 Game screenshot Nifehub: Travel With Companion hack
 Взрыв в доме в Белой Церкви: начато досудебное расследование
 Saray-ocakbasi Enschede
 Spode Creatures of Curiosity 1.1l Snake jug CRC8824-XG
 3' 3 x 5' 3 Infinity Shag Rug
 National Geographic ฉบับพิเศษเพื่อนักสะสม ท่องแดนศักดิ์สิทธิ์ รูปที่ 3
==
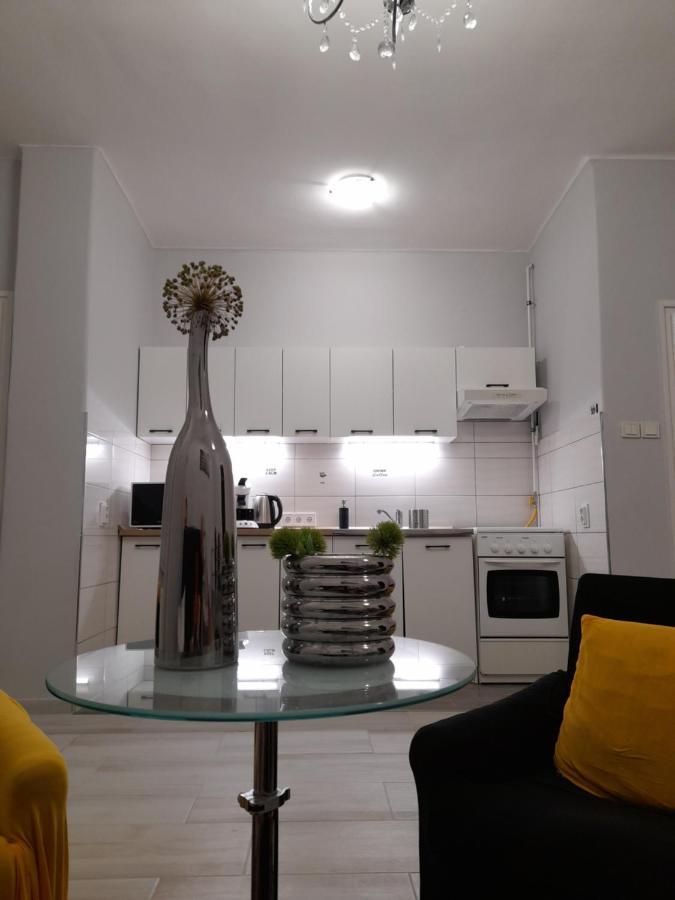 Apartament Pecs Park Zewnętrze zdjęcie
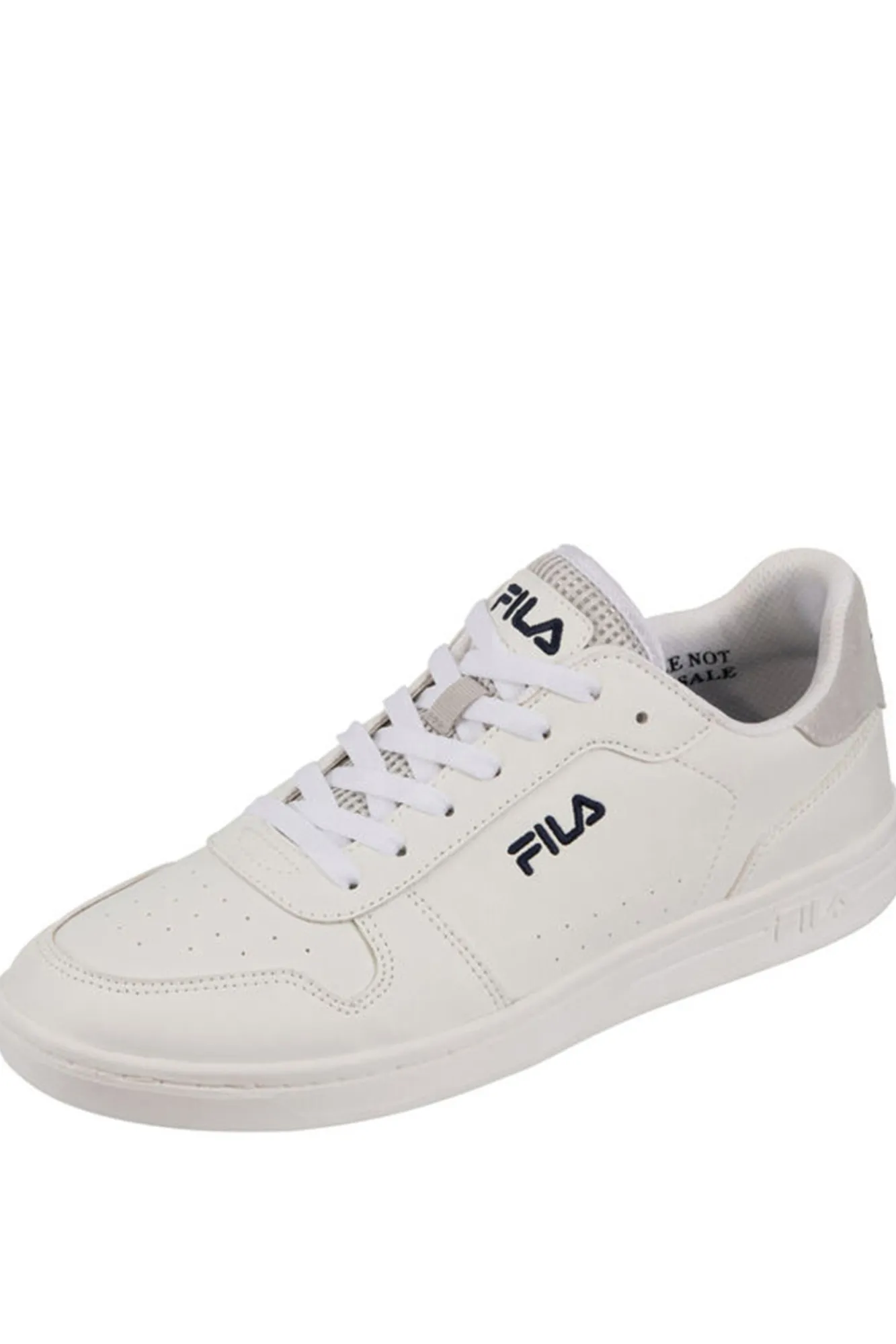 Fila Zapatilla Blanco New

*Requirement*. What you return must be an exact retyping of the lines above starting at the line with "Game screenshot Nifehub: Travel" and ending at the line with "National Geographic ฉบับพิเศษเพื่อนักสะสม", and nothing besides.

*Solution below*.
 Game screenshot Nifehub: Travel With Companion hack
 Взрыв в доме в Белой Церкви: начато досудебное расследование
 Saray-ocakbasi Enschede
 Spode Creatures of Curiosity 1.1l Snake jug CRC8824-XG
 3' 3 x 5' 3 Infinity Shag Rug
 National Geographic ฉบับพิเศษเพื่อนักสะสม ท่องแดนศักดิ์สิทธิ์ รูปที่ 3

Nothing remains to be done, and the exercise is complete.